Perhaps, sometime in his infancy, the poor baby's nanny didn't give him enough affection, so he developed behavioural problems. Couldn't really help it, could he?

 

In our political system, we tolerate, even encourage, the people who rave and rant the most, the ones who threaten to bring life to a standstill and break the bones of ordinary people walking past after a day at work, stop trains, set buses alight - for no bloody reason beyond proving that they can do it. In our families, we often give self-obsessed misfits amazing leeway in the name of 'keeping everyone together', and let people who don't give a damn for anyone else ride roughshod and get their way, while everyone else 'adjusts'. In our workplaces, we exhibit great tolerance for drama and theatrics, usually shying away from belling the problematic cats, and instead, often work to mollify the ones who can give us the greatest headache – just so we can "settle the issue".

 

Is there something here in our collective social reflexes that has a clue to why Kasab smiles as he watches the process of 'proving' that he actually was there, putting slugs into everyone he came across on 26/11? Does he expect someone to convincingly argue something along the lines that he is just a emotionally disturbed little boy who is being unfairly victimised by a grand conspiracy?
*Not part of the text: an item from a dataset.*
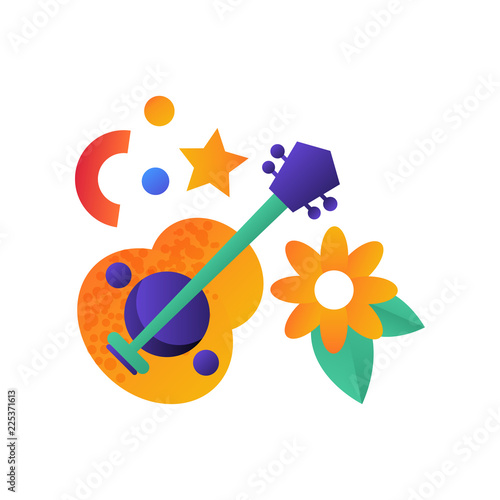 Acoustic guitar, summer camping element vector Illustration on a white background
Or does he hope that something will work out to get him out of there long before the sentencing – and the execution of the sentence – ever comes to its logical conclusion. I wouldn't know. But if there is any set of fundamentally very different reasons to have Kasab cheerful, I, for one, can't figure it out.

 

Aren't we, as a nation, falling into the trap of finding justifications for everything done, and of treating all categories of people who are a pain to the rest and quite proud of it – local goons and school bullies, workplace cacklers, family "rebels", arsonists, criminals, psychopaths, and mass murderers – with great attention, concern, even deference? We may well be a nation that takes great pride in its value system, but increasingly, we seem to be placing one value above all else. The ultimate, almost aspirational index of how much attention someone will command in many ways is increasingly, consistently, his nuisance value.

 

Meanwhile, I can't stand the theatrics. Maybe we'll see a soap opera on it all soon – it has the mandatory "K" anyways, which is usually all that is needed to justify a script. In the meantime, I wish someone would wipe the smile off the bugger's face. With apologies to Hobbes, but for someone who brought to us continual fear and the danger of violent death, do we need to be remorseful if his life is solitary, nasty, brutish  - and short?